──────── DATA SUPPLIED
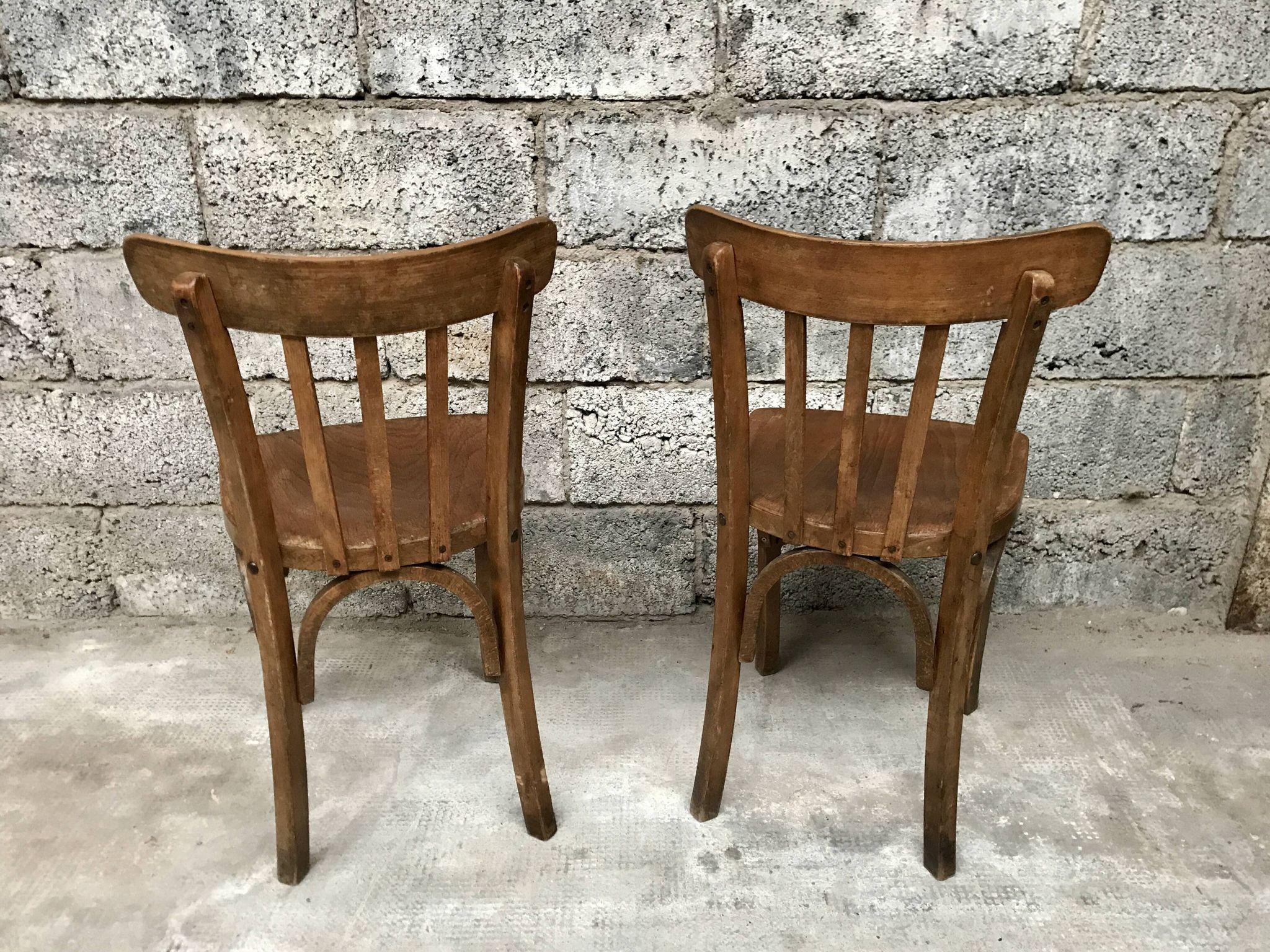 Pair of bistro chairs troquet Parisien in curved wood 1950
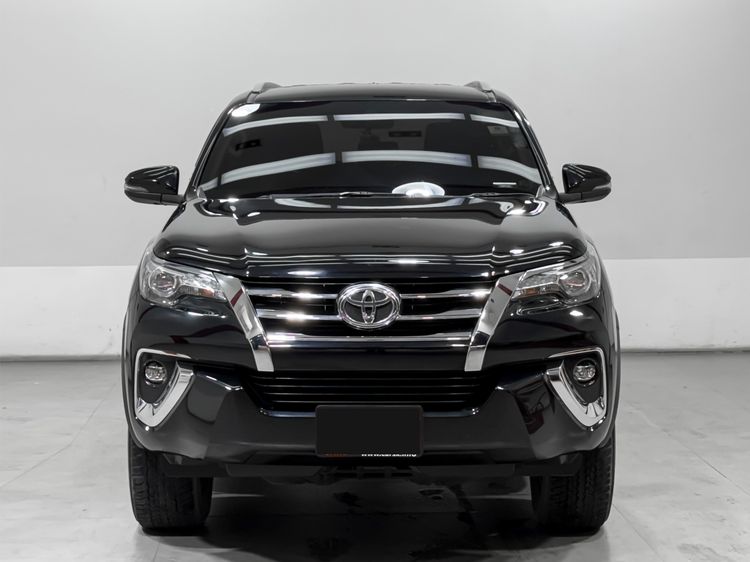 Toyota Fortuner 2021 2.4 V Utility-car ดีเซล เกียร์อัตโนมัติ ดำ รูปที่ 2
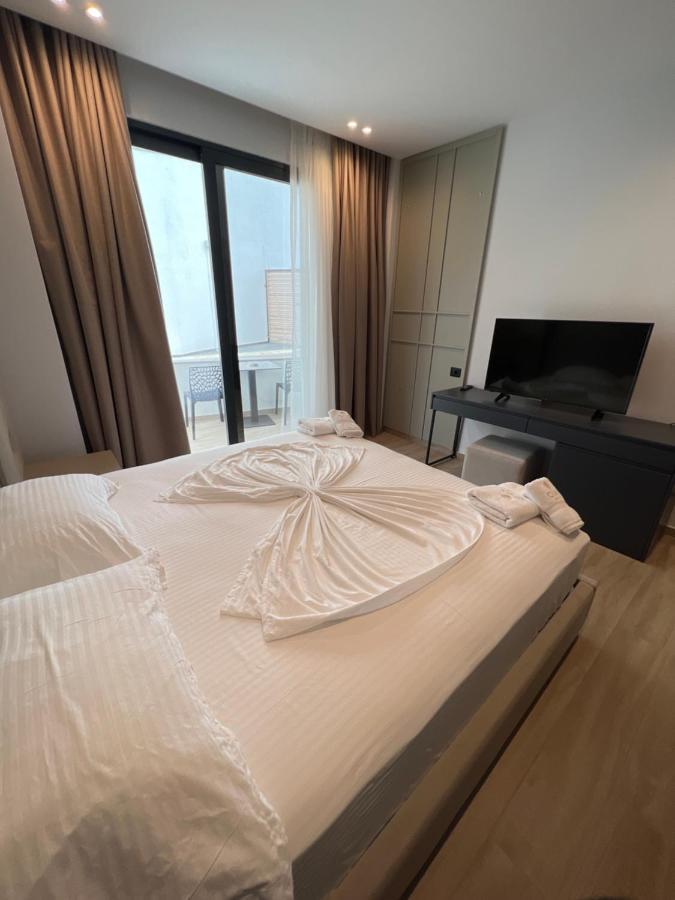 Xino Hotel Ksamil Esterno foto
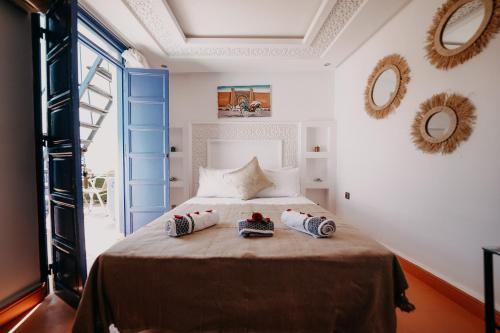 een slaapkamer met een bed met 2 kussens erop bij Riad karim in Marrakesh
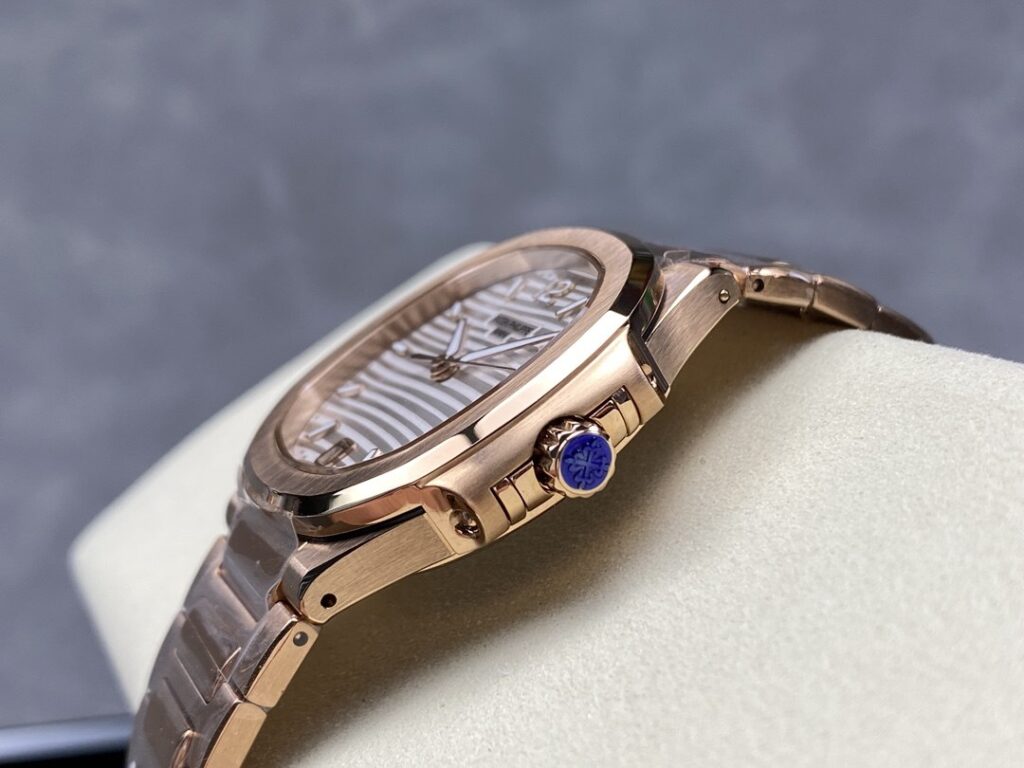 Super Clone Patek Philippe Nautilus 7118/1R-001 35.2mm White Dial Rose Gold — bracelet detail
────────────────
• [ACTION ITEM] Copy the final portion of the records: every line from the one containing "een slaapkamer met" through the last, word for word, without pictures.

• [WRITTEN ANSWER]
 een slaapkamer met een bed met 2 kussens erop bij Riad karim in Marrakesh
 Super Clone Patek Philippe Nautilus 7118/1R-001 35.2mm White Dial Rose Gold — bracelet detail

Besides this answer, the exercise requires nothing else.